As homenagens aos bandeirantes —como a estátua do Borba Gato, incendiada no sábado— estão por toda a parte em São Paulo e em outros estados. Nesses casos, é comum defender figuras do passado alegando que, em sua época, a moral era outra. Qual imperador romano não seria, com razão, visto como um monstro pelos padrões de hoje? No caso dos bandeirantes, contudo, a coisa é ainda mais complicada.

Os bandeirantes, também chamados de “mamelucos” (pela mistura racial) ou simplesmente de “paulistas”, eram malvistos por muitos em seu próprio tempo. Verdadeiros demônios para os jesuítas e para os indígenas que viviam em missões, considerados “gente bárbara, indômita e que vive do que rouba”, segundo um governador de Pernambuco falando do bando de Domingos Jorge Velho, excomungados pela Igreja e de relacionamento difícil com a Coroa.

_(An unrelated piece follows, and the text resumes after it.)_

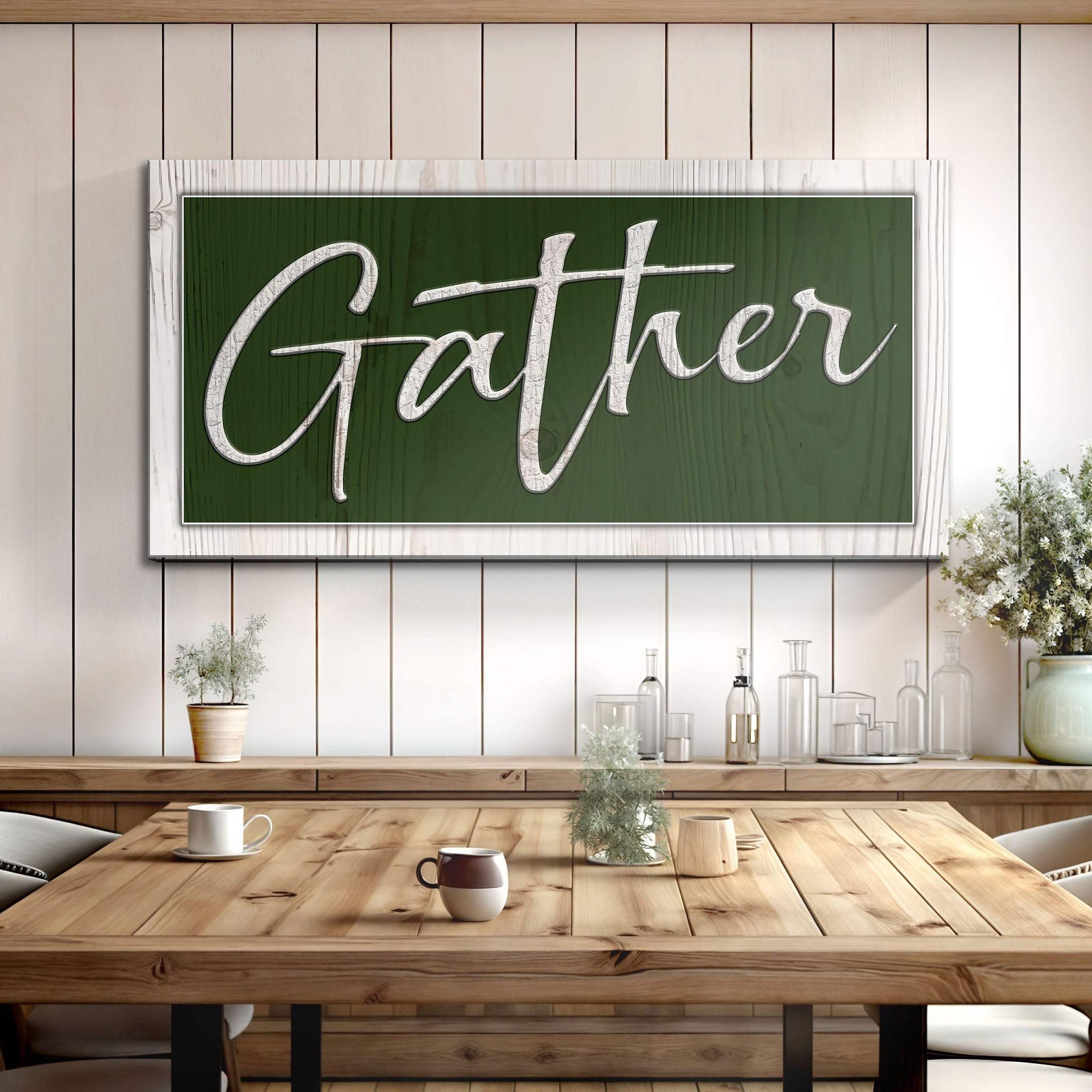 Gather Sign XVI - Tailored Canvases - Flyclothing LLC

Eram o horror do mundo civilizado e da moral cristã. Em busca de escravos e metais preciosos, capturaram e mataram muita gente.

Foram também eles que desbravaram matas e sertões, fundaram cidades, ergueram igrejas e ajudaram a desbravar e conquistar o atual território brasileiro. É graças a eles que não somos uma fina nação costeira e que nos estendemos muito além da linha de Tordesilhas. Bons ou maus, devemos muito a esses homens que se lançavam na mata por meses, sem saber se iriam voltar.

Saiamos da dicotomia enganosa do “branco malvado vs indígena e negro virtuosos”, promovendo a ficção de que portugueses eram moralmente inferiores aos indígenas ou africanos que escravizaram, quando na verdade eram apenas mais poderosos belicamente.

Os bandeirantes eram escravagistas dentro de um mundo escravagista, no qual a defesa da abolição universal era a exceção da exceção, mesmo entre negros ou indígenas.

A própria categoria “indígena” mais esconde do que revela, assim como o nome “europeu”. Havia europeus que se odiavam e guerreavam até a morte —como portugueses e holandeses aqui no Brasil, aliando-se a diferentes grupos indígenas. Os bandeirantes, quando não mamelucos eles próprios, iam acompanhados de milhares de indígenas aliados. Falavam mais língua geral do que português. No caso de Borba Gato, chegou mesmo a viver entre os índios por quase duas décadas.

Os grandes feitos da política, da guerra, da ciência ou da inteligência nem sempre —ou talvez quase nunca?— vêm acompanhados de perfeita correção moral. A negação moralista da história apaga tudo que não é clara e inequivocamente bom. A mesma lógica se faz valer em vozes da direita que querem apagar qualquer homenagem a Lênin, Che Guevara, Marx, os revolucionários franceses etc., ou a insistência de alguns liberais de apagar homenagens a Getúlio Vargas.

E se, ao invés de destruir, pensássemos em criar? Em Montgomery, Alabama, uma solução criativa está sendo implementada. Próximo à estátua de J. Marion Sims, pioneiro da cirurgia ginecológica, mas que realizou procedimentos experimentais em escravas sem o uso de anestesia, serão erguidos monumentos a três de suas vítimas cujos nomes foram registrados: Anarcha, Betsey e Lucie. Quantas figuras admiráveis, como o ex-escravo e abolicionista Luiz Gama, não permanecem esquecidos pela memória popular? Erguer novas estátuas me parece mais importante do que derrubar velhas.